Model-free feature screening based on Hellinger distance for ultrahigh dimensional data


Speaker: Professor Cui Hengjian

Topic: Model-free feature screening based on Hellinger distance for ultrahigh dimensional data

Date: March 29th, 2024 (Friday)

Time: 2.30 p.m.

Tencent Meeting ID: 243-343-042

Sponsors: School of Mathematics and Statistics, Institute of Mathematics, Institute of Science and Technology


Cui Hengjian is a professor at Capital Normal University, a doctoral supervisor, a member of the 10th National Congress of the China Association for Science and Technology (CAST), and a former expert of the Academic Degrees Committee of the State Council Discipline Appraisal Group. He graduated from the Institute of Systems Science, Chinese Academy of Sciences with a PhD degree. He has achieved many important research results in the fields of big data statistical modeling, high-dimensional statistics and theories and methods of robust statistics, statistical machine learning, financial statistics, and quality management. In addition, he has published more than 180 papers in various journals, including top international journals of Statistics and Econometrics such as JASA, AoS, JRSS(B), Biometrika and JoE. Professor Cui presides over key projects of the National Natural Science Foundation of China, Distinguished Youth (B) projects and a number of general projects. He mainly participates in major scientific research fund projects of the Ministry of Education.

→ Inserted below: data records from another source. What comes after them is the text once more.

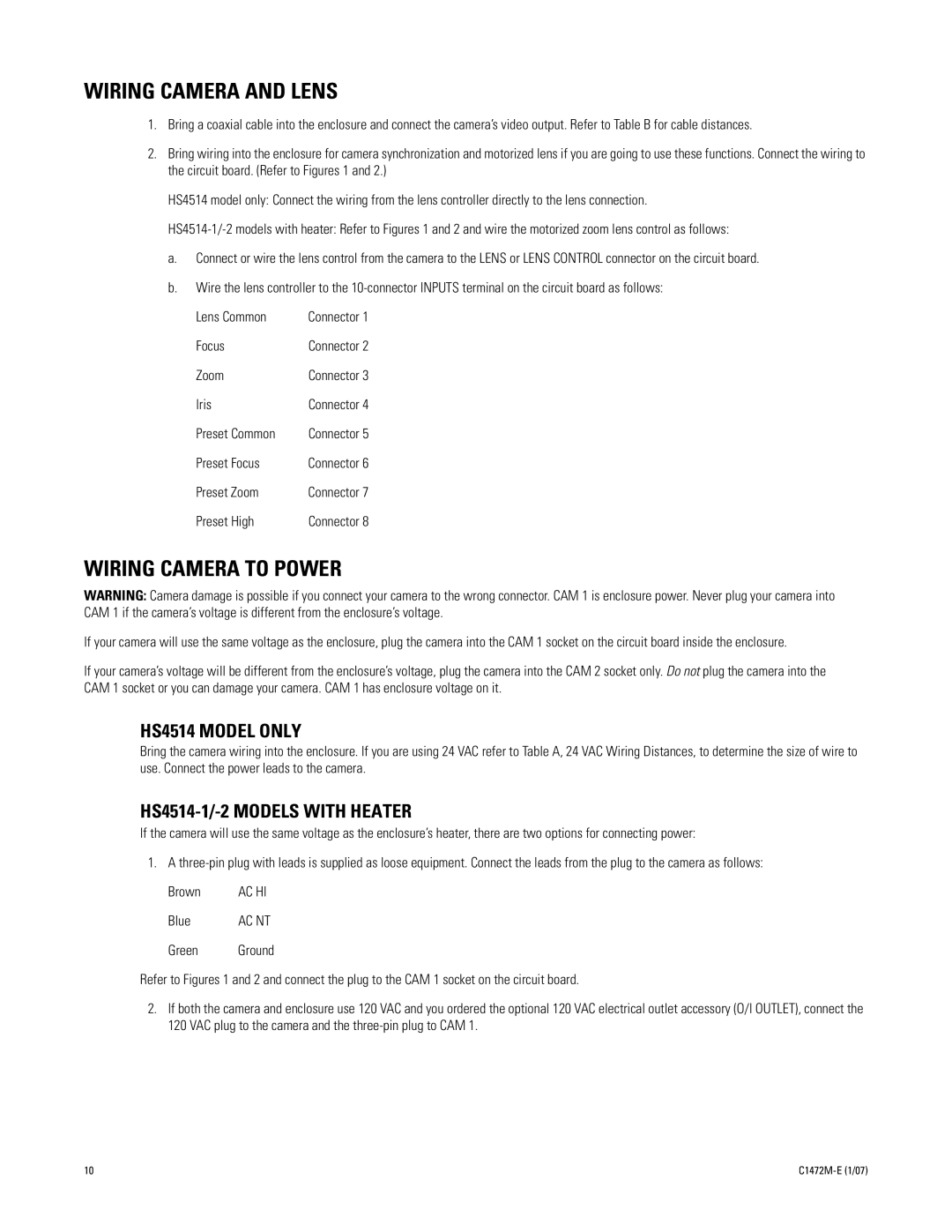Pelco HS4514 manual Wiring Camera and Lens, Wiring Camera to Power 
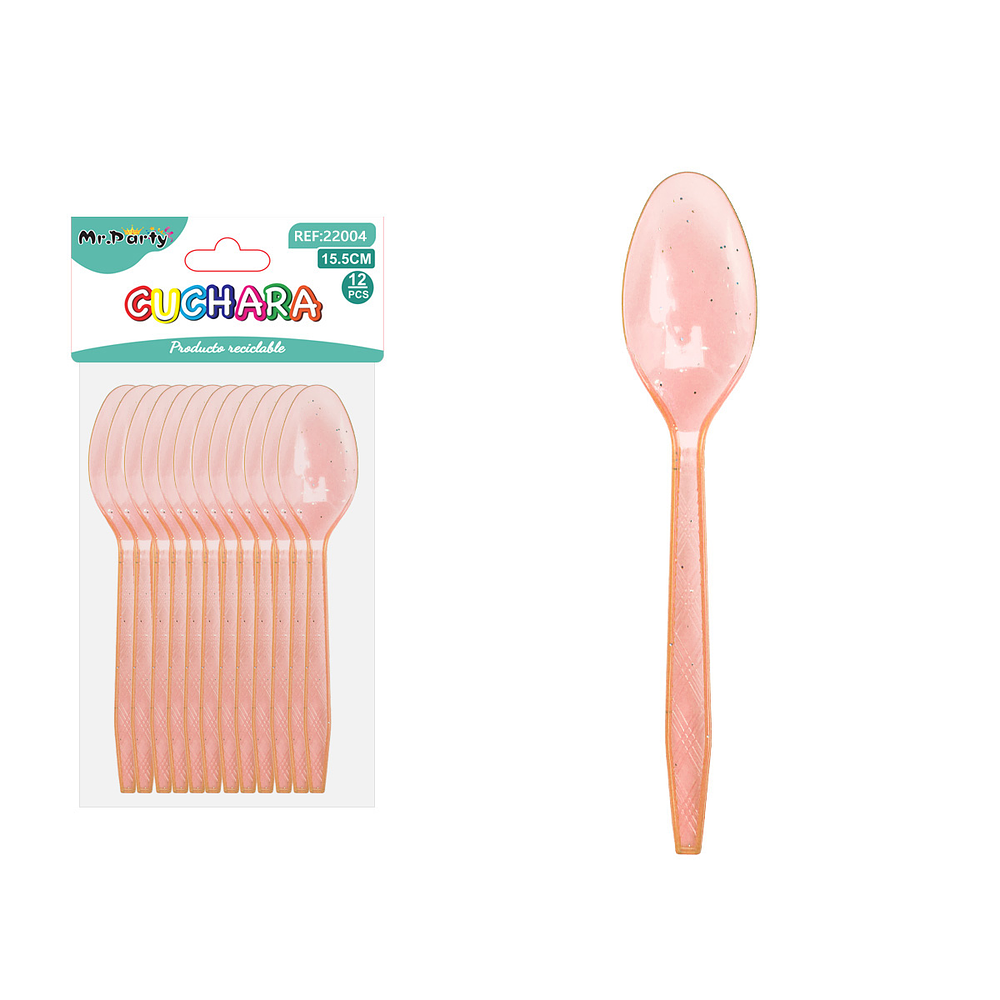 Cuchara PS desechables naranjo con brillo dorado 15.5cm 12pcs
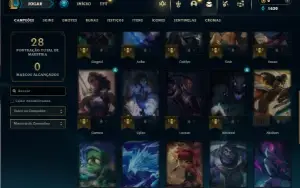 Diamante 4 com 35 Champs e 4 Skins + 1 Fragmento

He serves as an editorial board member of the Chinese and English series of Acta Mathematica Sinica and Acta Mathematicae Applicatae Sinica. Also, he serves as an editorial board member of Statistical Theory and Related Fields, vice chairman of the Chinese Association for Applied Statistics (CAAS), vice chairman of the National Industrial Statistics Teaching and Research Association, president of the Beijing Applied Statistics Society, and executive director of the Institute of Mathematical Statistics (China Branch). He has won the second prize of the Science and Technology Award for Higher Education Institutions - Natural Science Award, the first prize of the National Statistical Science Research Outstanding Achievements Award, etc.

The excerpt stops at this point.